I took some frames up, since G only had plastic foundation and frames. 








Fitting the brood into the frames. We only got 6 frames of brood, but we'll see how they do in a new hive. 
















We leveled the base for the hive, added the vacuum full of bees, put the frame with brood and queen on top, and topped it off with a screen and top cover, since it's 96 degrees. Then we pulled the screen, re-uniting the vacuumed bees with the brood and queen on top.


----------



## judyv47954 (Jun 5, 2011)

Time to pull the plug!










And that's how we did it! 

Any helpful suggestions for next time?


----------



## Bsweet (Apr 9, 2010)

Thanks for the pics, Jim


----------



## Charlie B (May 20, 2011)

Nice job, great pics!!


----------



## Steven Ogborn (Jun 3, 2011)

I can't help with any helpful hints. Seems like you have it down. I hope I can do as well when I start doing cut-outs. Awesome!


----------



## johnblagg (May 15, 2011)

suggestions ...LOL you did a great job and I have been reading the fb post myself and I am happy to see she recieved such good help


----------



## Live Oak (Oct 11, 2008)

Great write-up and pics! Excellent idea with the rubber bands and comb. Your internet friend is VERY fortunate to have your help. Great job!


----------



## beyondthesidewalks (Dec 1, 2007)

Is that the Robo style bee vacuum? Great post.


----------



## judyv47954 (Jun 5, 2011)

Yes, I ordered it from Bushkillfarms. I didn't have time to build one before I needed it for the cut-outs. I've used it on 4 cut-outs so far, so it's paid for itself already. 
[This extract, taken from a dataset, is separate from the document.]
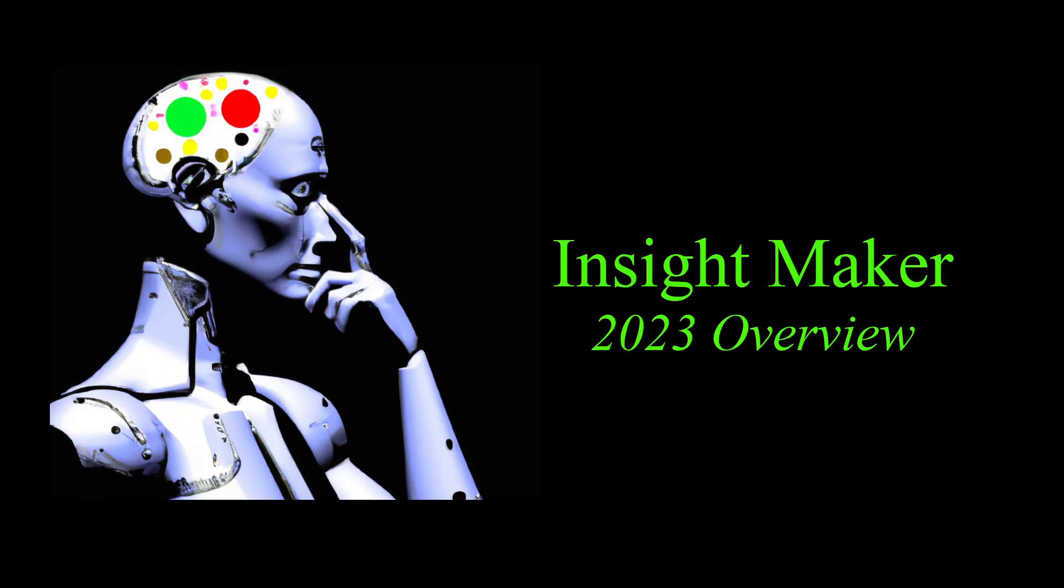InsightMaker 2023 overview. Since it's been eight years since I did one of these, this is probably way beyond time to do a new one.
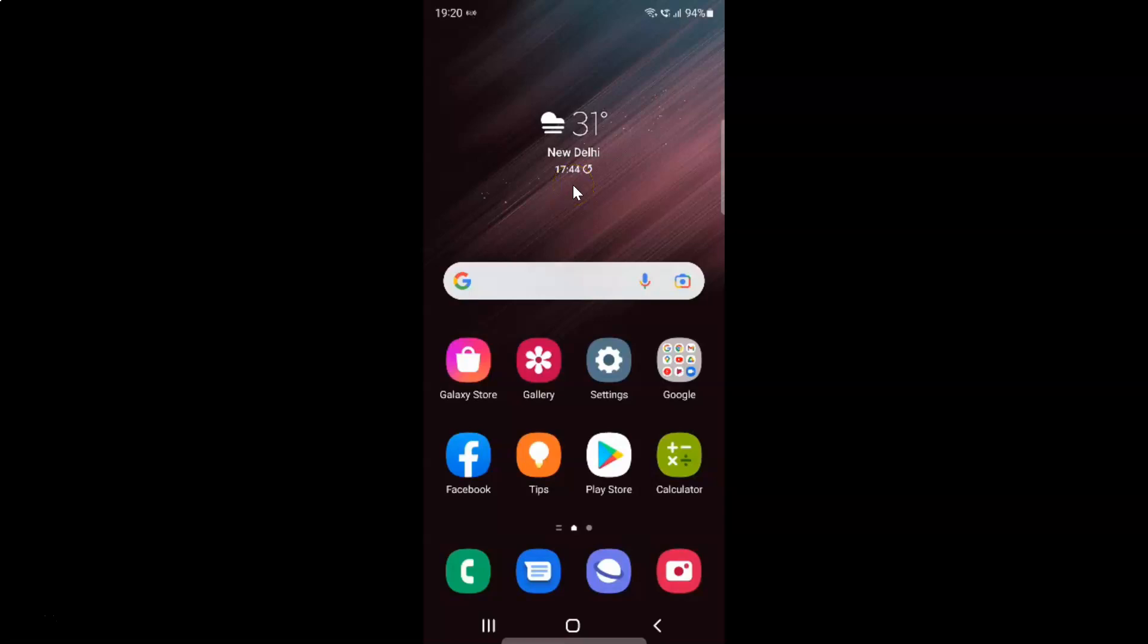Hi guys, in this video I will show you how to turn on developer options on Samsung Galaxy S22 Ultra. So this is my Samsung Galaxy S22 Ultra device. So let us start.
Dot has another colony in one of their other locations. I'll check on that, but we're getting close to August 1.


----------



## judyv47954 (Jun 5, 2011)

Did my last(?) trap-out at the Dot building today. This was a two year-old colony. What pretty, pretty brood...just as solid as you please. I didn't see the queen, but I'm hoping she's in the Bushkill vacuum. I had loose bees trying to get in through the screen, so have my fingers crossed that she's OK. Nice bees to work, too. 
I'm ready for a break! 4 cut-outs in the last 3 weeks. I'm running out of woodenware!


----------